We went out to dinner with some couples I didn't know, with the mandate to make one of the spouses love California so her husband will move here. Being the oldest woman and naturally bossy (I'm from a large family), I told everyone where to sit.
"That'll be fun!" said one of the men enthusiastically.
"What do you mean?" I asked.
"Well, usually everyone just sits next to their husband or wife!"
"They do?" I said, astounded.
How boring would that be? Luckily among most of my friends, the French rule applies. In France, it is unheard-of to sit next to your spouse at a dinner, unless you're newlyweds. You are presumed to know your spouse fairly well already.

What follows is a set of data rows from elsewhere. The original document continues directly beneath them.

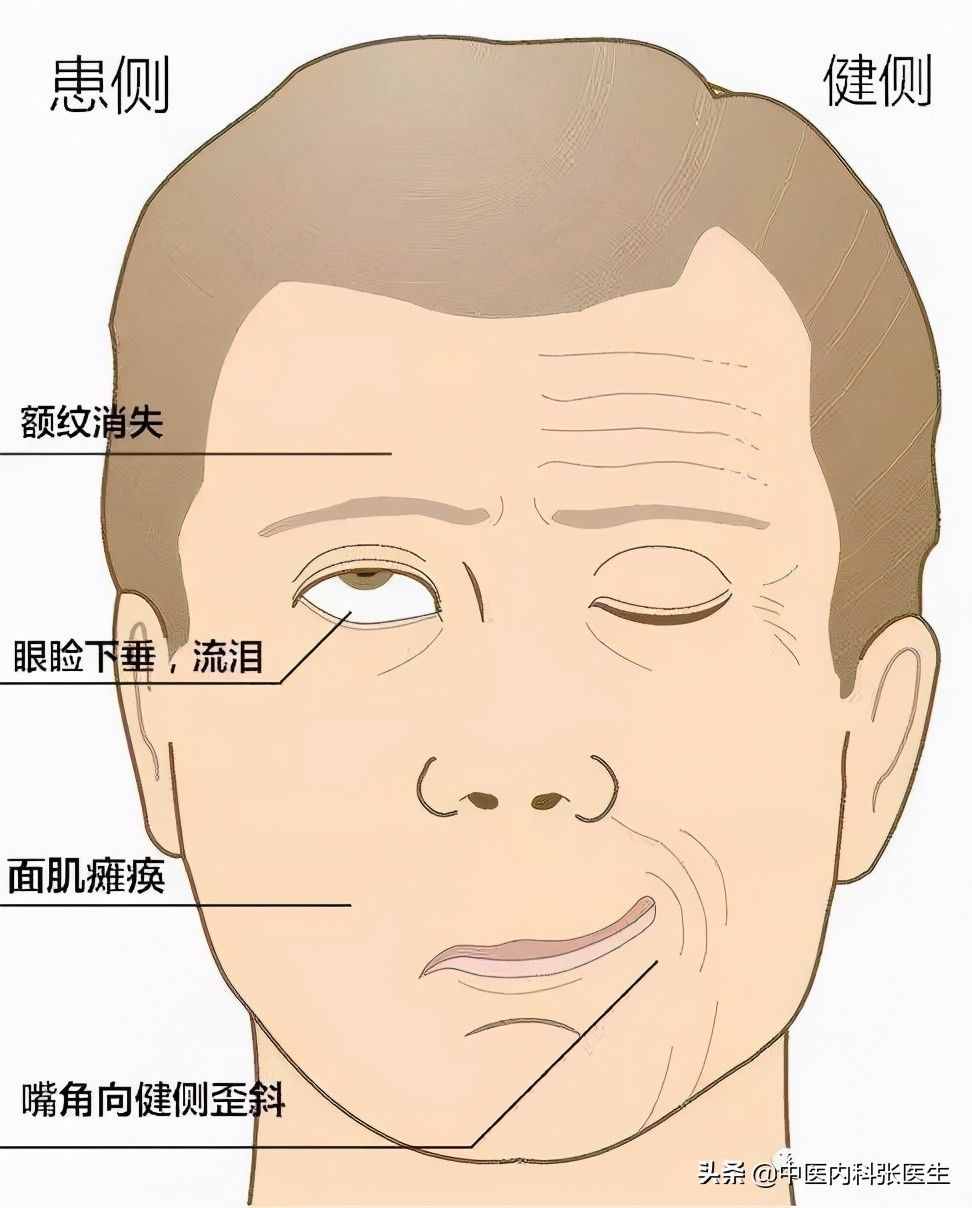 除了口歪眼斜，面癱還會有哪些表現(xiàn)？會有哪些后遺癥？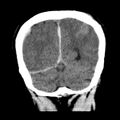 Cerebral hemorrhagic contusions (Radiopaedia 23145-23188 Coronal non-contrast 34).jpg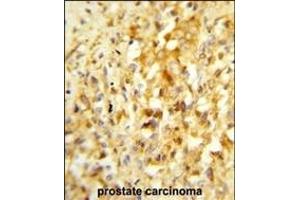 Immunohistochemistry (Paraffin-embedded Sections) (IHC (p)) image for anti-NK3 Homeobox 1 (NKX3-1) (AA 118-145) antibody (ABIN652945)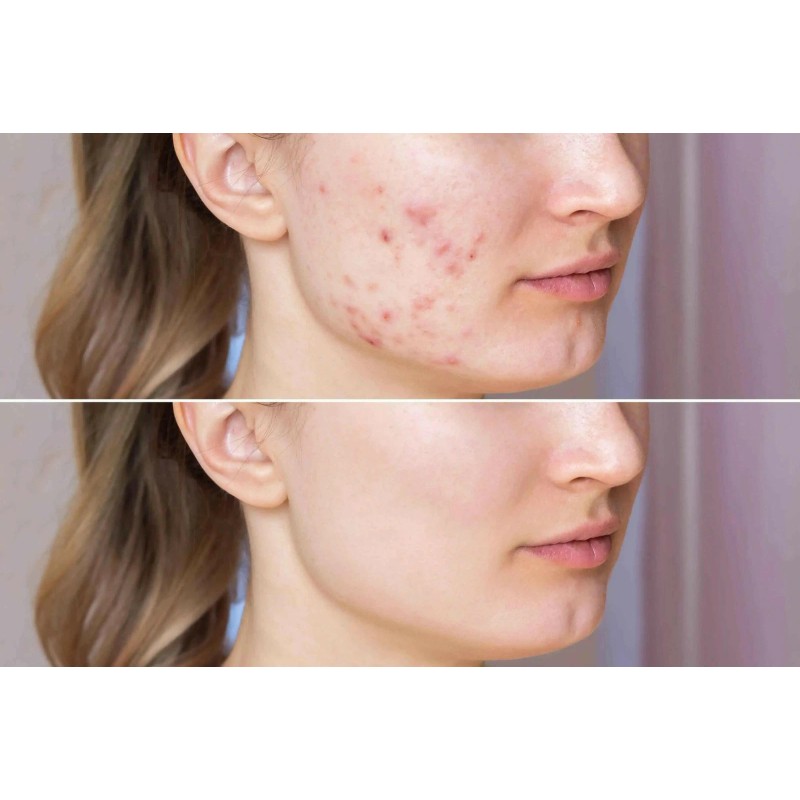 Ammuri Organic Black Seed Oil for Radiant Skin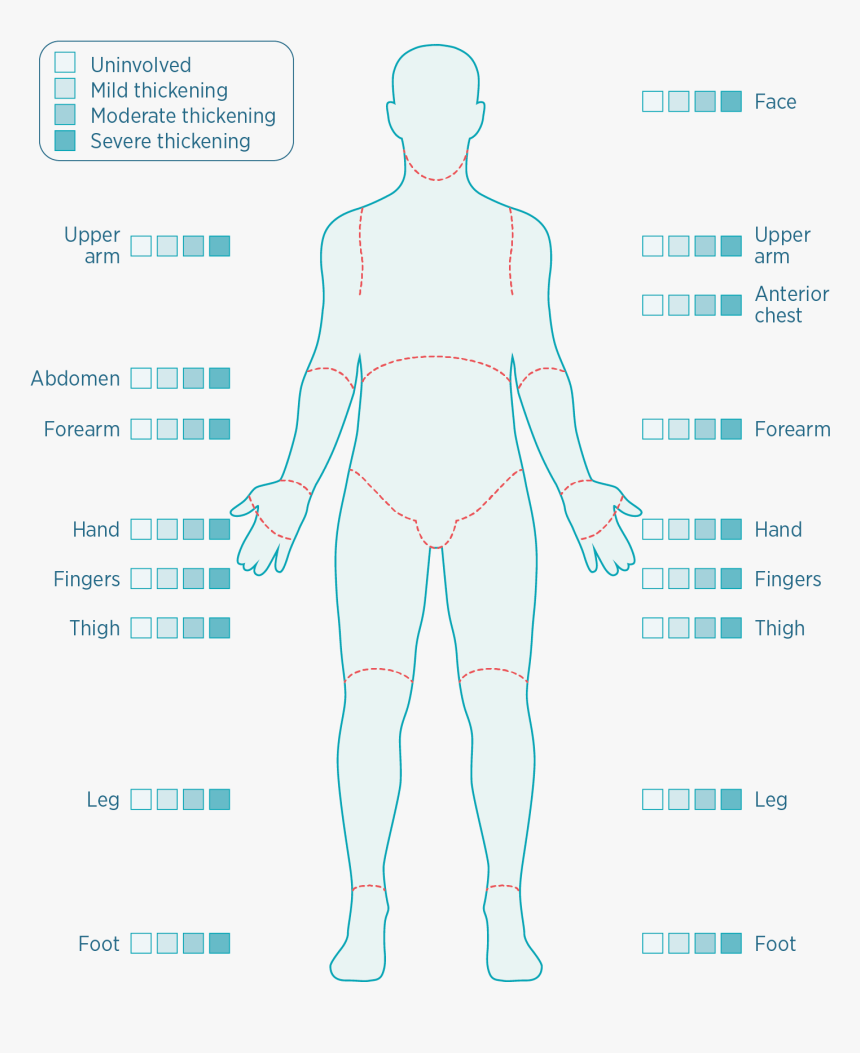 Thickness Of Skin Body Diagram, HD Png Download, Free Download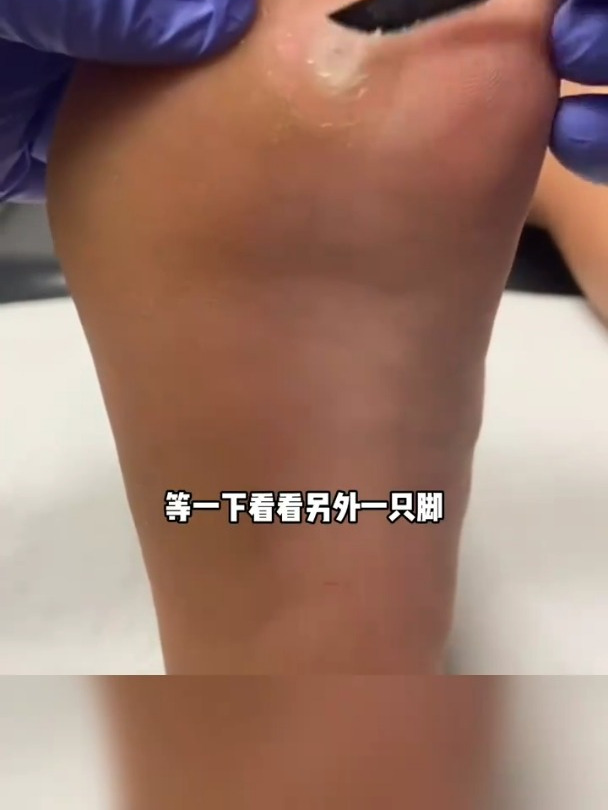 从来没见过这么大的鸡眼!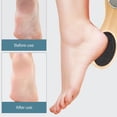 thumbnail image 3 of Foot File Callus Remover-multi Purpose 4 In 1 Feet Pedicure Kit With Foot Care Bristle Brush,pumice Stone,foot Rasp,sand Paper, 3 of 5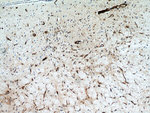 FBXO2 Antibody in Immunohistochemistry (Paraffin) (IHC (P))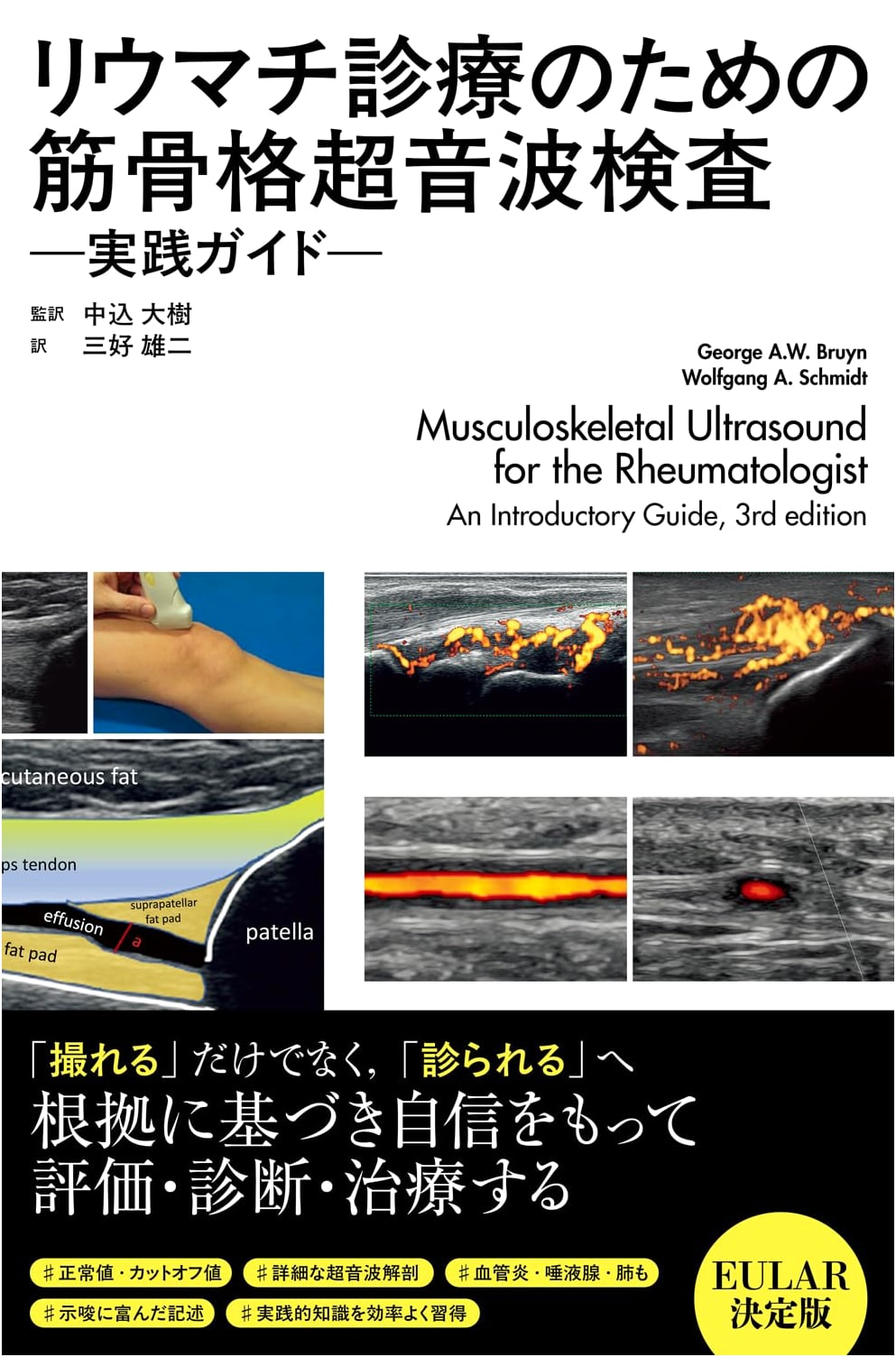 Musculoskeletal Ultrasound for Rheumatology: A Practical Guide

The host and hostess sit opposite each other at the center of the table, if it's rectangular-- not at the ends like the anglo-saxons. This means that there is a distinct sense of hierarchy at the table-- the most important man is seated to the hostess's right (or else), and the most important woman to the host's right. (The anglo-saxon habit is kinder, as people who aren't in the important seats at least get to sit at the middle of the table, not exiled to Thule.) If you are off at the end of the table, you are far from the action. Believe me, everyone notices.
"We all make jokes about it, but we really do care," said my friend Frédéric. "We have a saying, marrying for love is not worth a lifetime at the end of the table."